----- THE INPUT

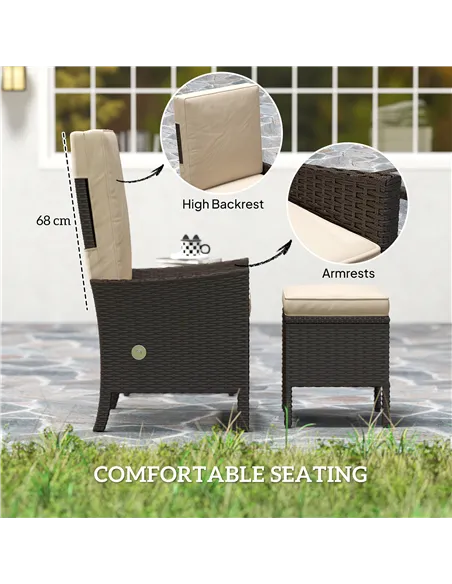 Outsunny 5 Piece Rattan Garden Furniture Set, Wicker Patio Sofa Set with 2 Armchairs, 2 Footstools, Glass Top Coffee Table with 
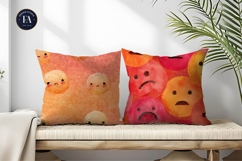 Bold Expression Watercolor Emoji Face Digital Paper Product Image 2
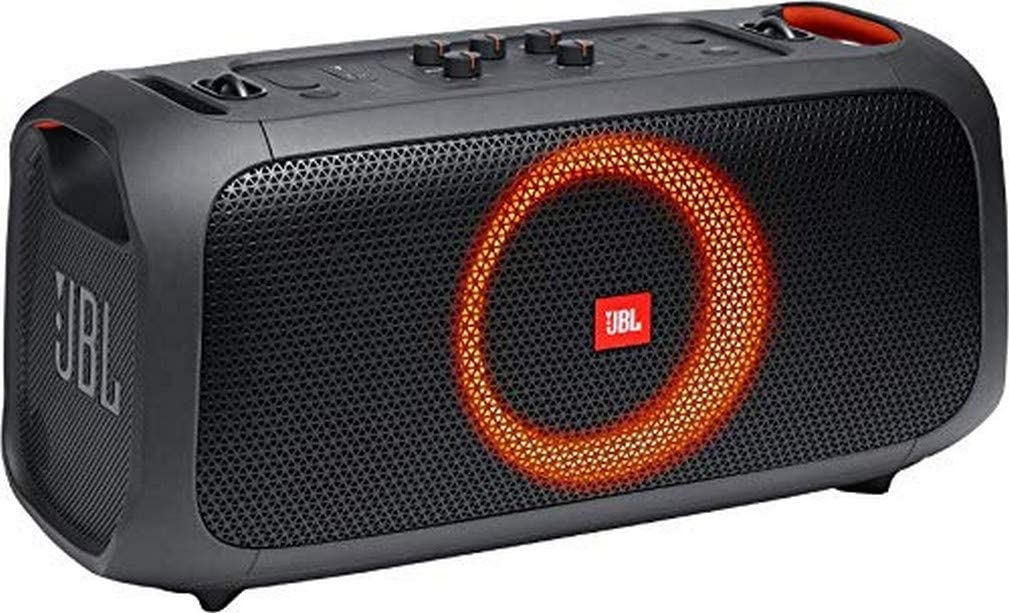 JBL PartyBox On-The-Go - Portable Party Speaker with Lighting and Wireless Microphone, 100 W Output Power, IPX4, 6 Hours Playing Time, Shoulder Strap, for Practice and Karaoke Parties, in Black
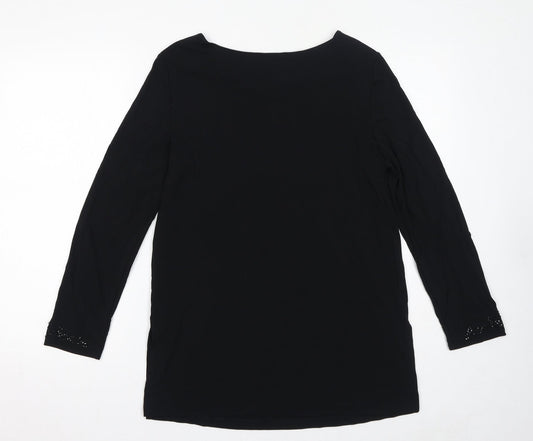 Womens UK Size 12 St Michael Black Viscose T-Shirt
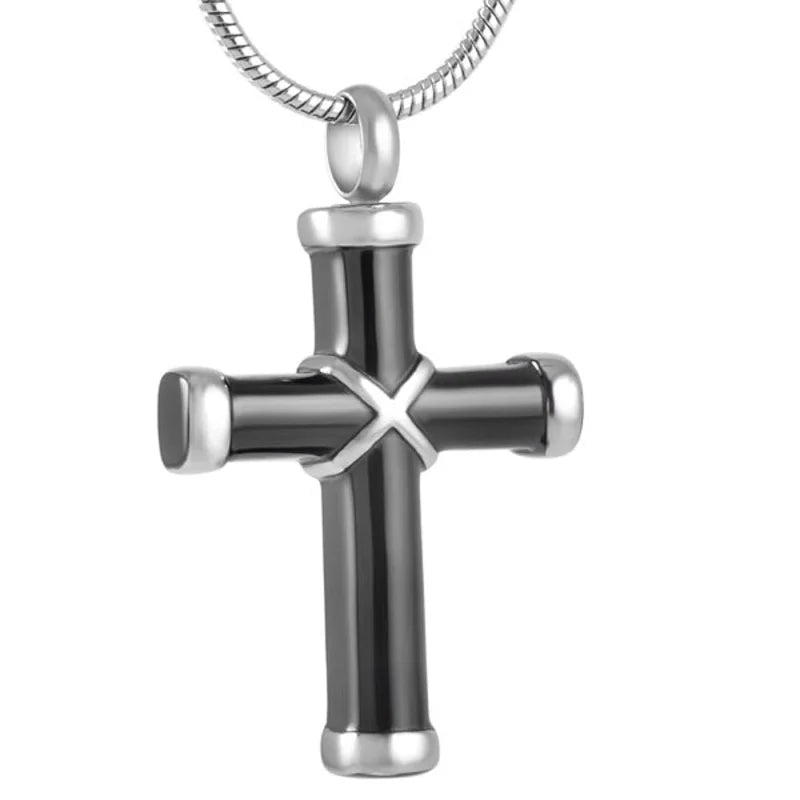 Stalen Kruis Ashanger - Symbolische Herinnering - Kruisje/Zwart/Zilverkleur-3.7-2.2cm - Heren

----------

> ACTION ITEM: All of the records above should be returned exactly, though the pictures should not.

> TASK OUTPUT:
 Outsunny 5 Piece Rattan Garden Furniture Set, Wicker Patio Sofa Set with 2 Armchairs, 2 Footstools, Glass Top Coffee Table with 
 Bold Expression Watercolor Emoji Face Digital Paper Product Image 2
 JBL PartyBox On-The-Go - Portable Party Speaker with Lighting and Wireless Microphone, 100 W Output Power, IPX4, 6 Hours Playing Time, Shoulder Strap, for Practice and Karaoke Parties, in Black
 Womens UK Size 12 St Michael Black Viscose T-Shirt
 Stalen Kruis Ashanger - Symbolische Herinnering - Kruisje/Zwart/Zilverkleur-3.7-2.2cm - Heren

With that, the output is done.